DIRECTIONS FOR THIS TASK: Every entry should be duplicated verbatim, and no picture may appear in the copy.

DATA SHOWN:
==============================

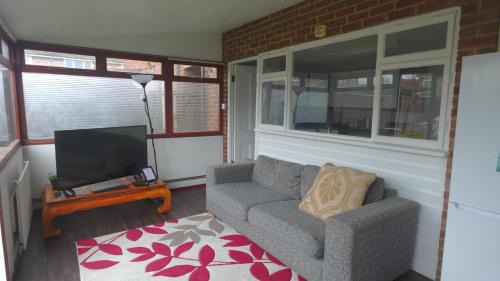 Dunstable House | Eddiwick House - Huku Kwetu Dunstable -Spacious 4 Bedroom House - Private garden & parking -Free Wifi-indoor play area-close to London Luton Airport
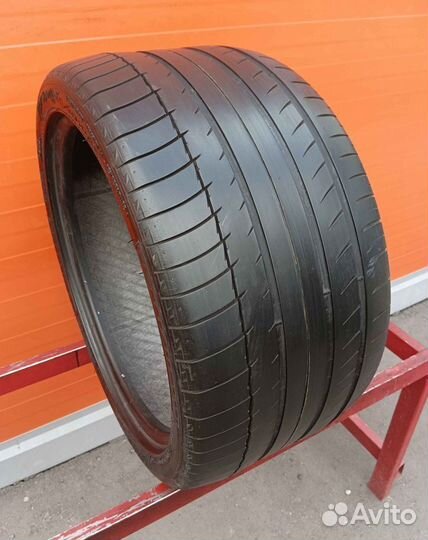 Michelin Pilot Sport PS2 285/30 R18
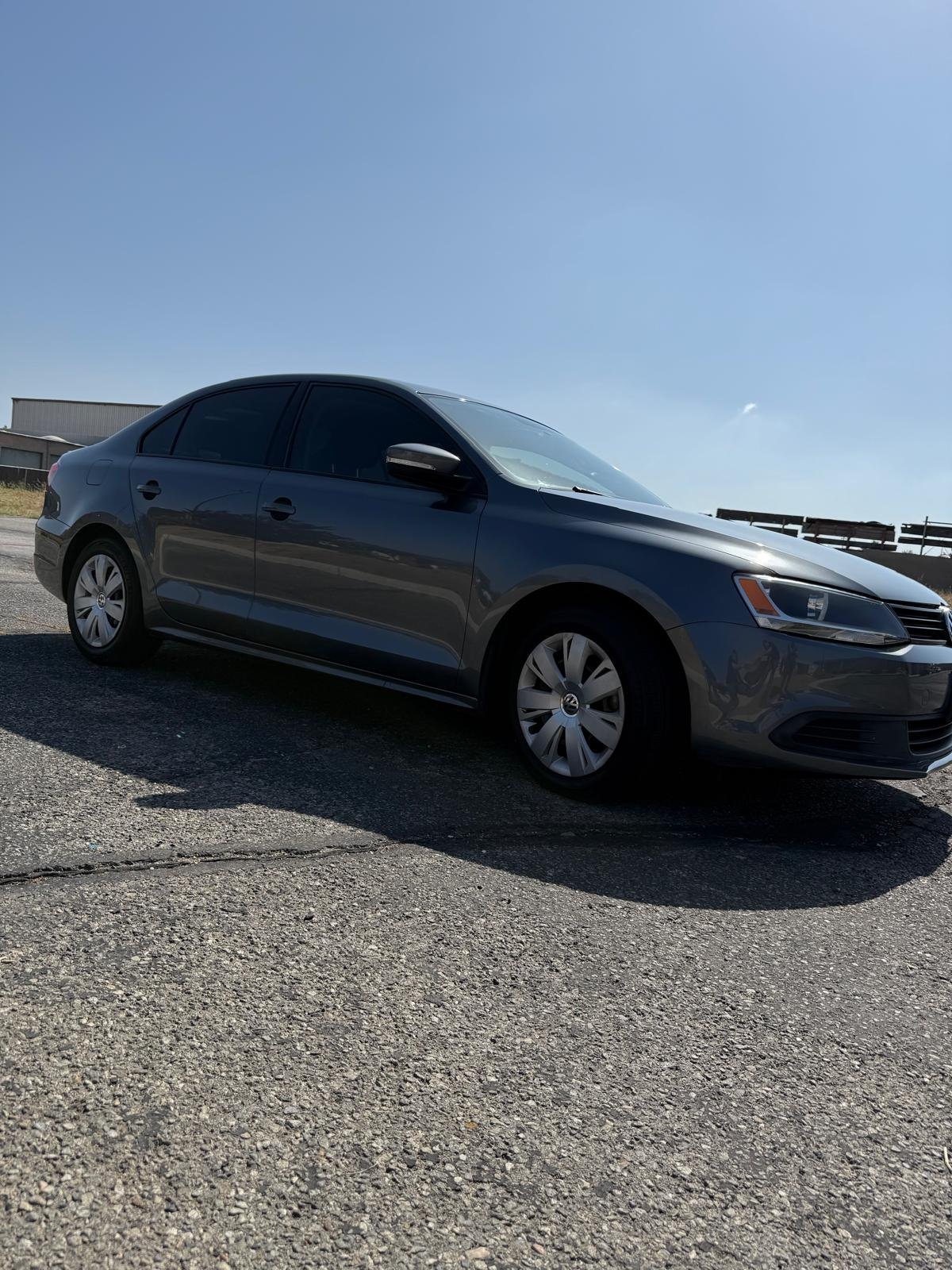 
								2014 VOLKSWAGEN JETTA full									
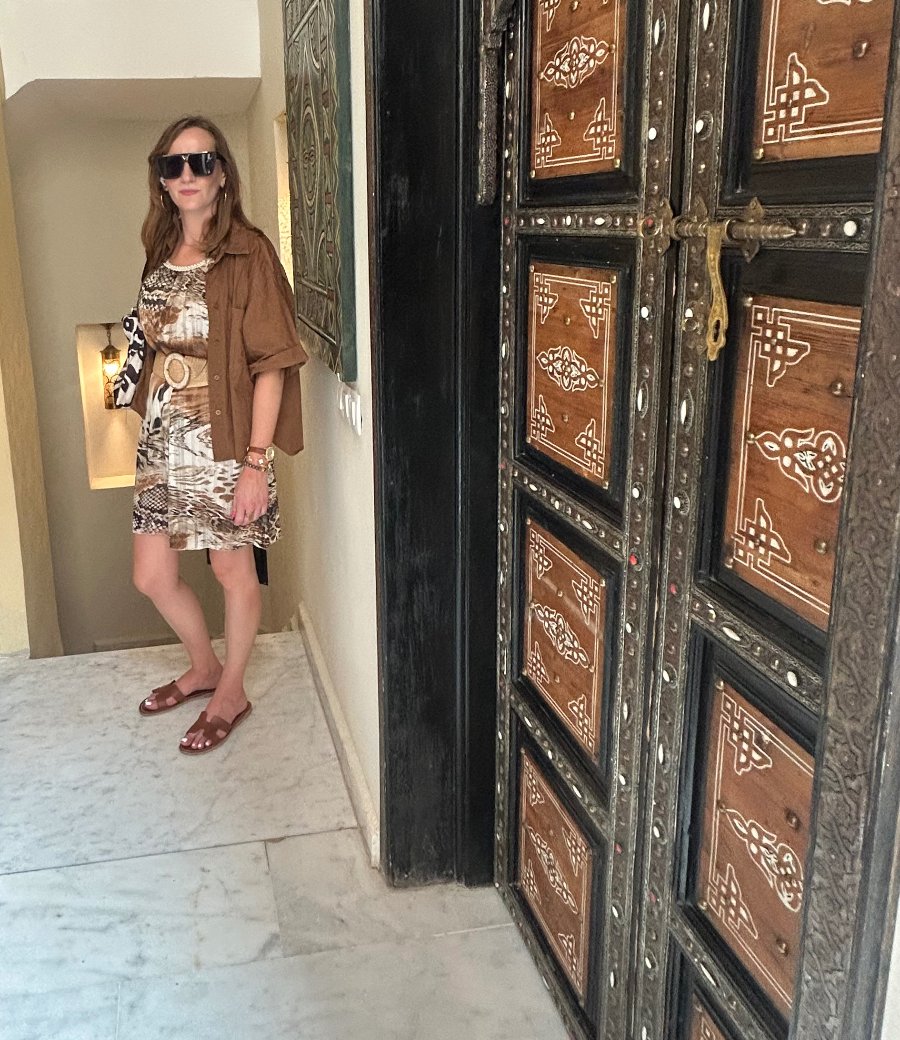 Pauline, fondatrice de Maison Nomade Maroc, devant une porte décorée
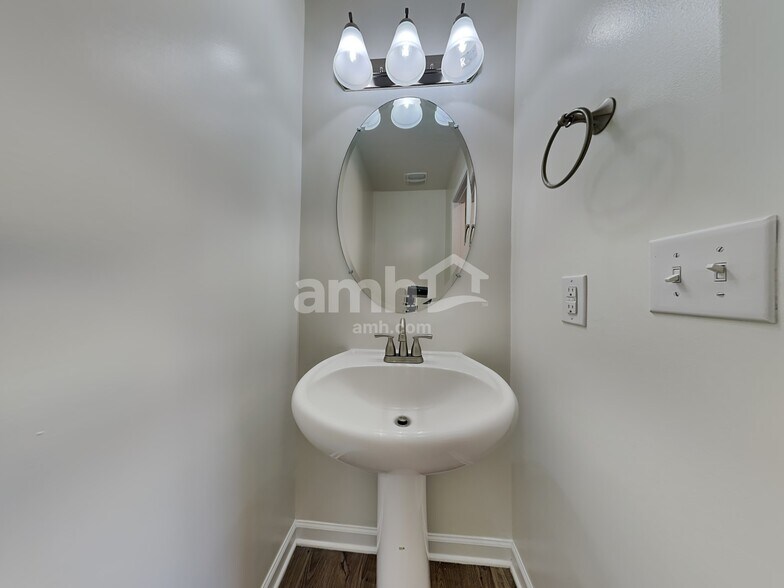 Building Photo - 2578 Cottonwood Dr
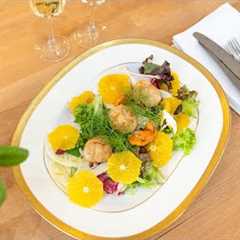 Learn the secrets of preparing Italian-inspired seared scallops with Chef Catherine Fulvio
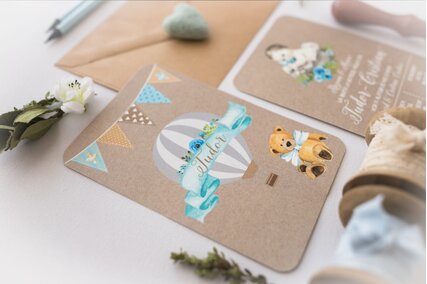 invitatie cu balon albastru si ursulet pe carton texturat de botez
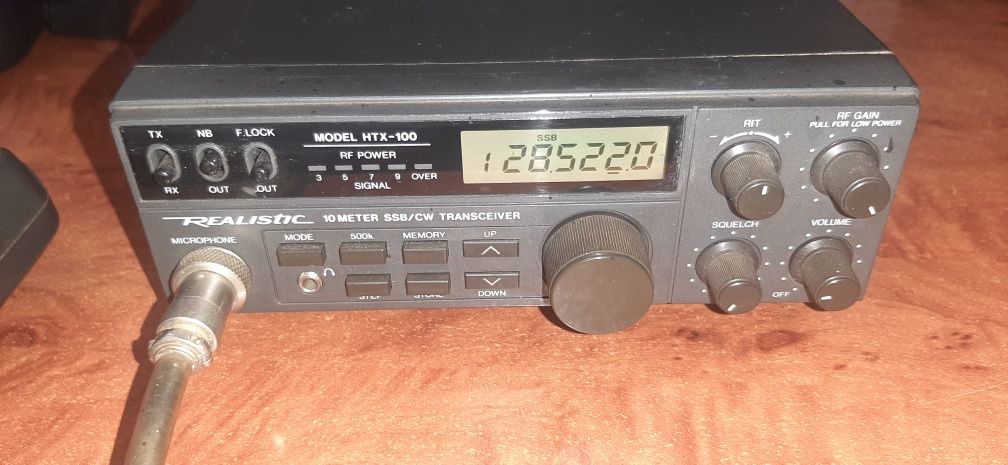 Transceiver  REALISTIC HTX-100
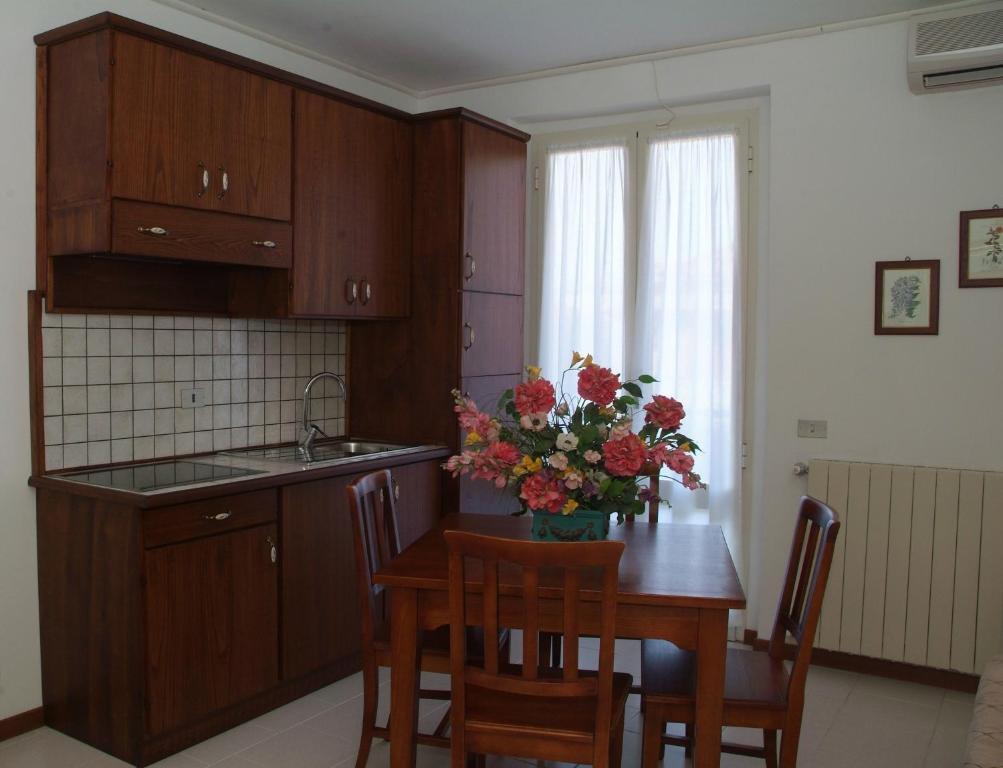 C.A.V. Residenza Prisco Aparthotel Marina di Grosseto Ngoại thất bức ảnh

==============================

RESPONSE TO THE TASK:
 Dunstable House | Eddiwick House - Huku Kwetu Dunstable -Spacious 4 Bedroom House - Private garden & parking -Free Wifi-indoor play area-close to London Luton Airport
 Michelin Pilot Sport PS2 285/30 R18
								2014 VOLKSWAGEN JETTA full									
 Pauline, fondatrice de Maison Nomade Maroc, devant une porte décorée
 Building Photo - 2578 Cottonwood Dr
 Learn the secrets of preparing Italian-inspired seared scallops with Chef Catherine Fulvio
 invitatie cu balon albastru si ursulet pe carton texturat de botez
 Transceiver  REALISTIC HTX-100
 C.A.V. Residenza Prisco Aparthotel Marina di Grosseto Ngoại thất bức ảnh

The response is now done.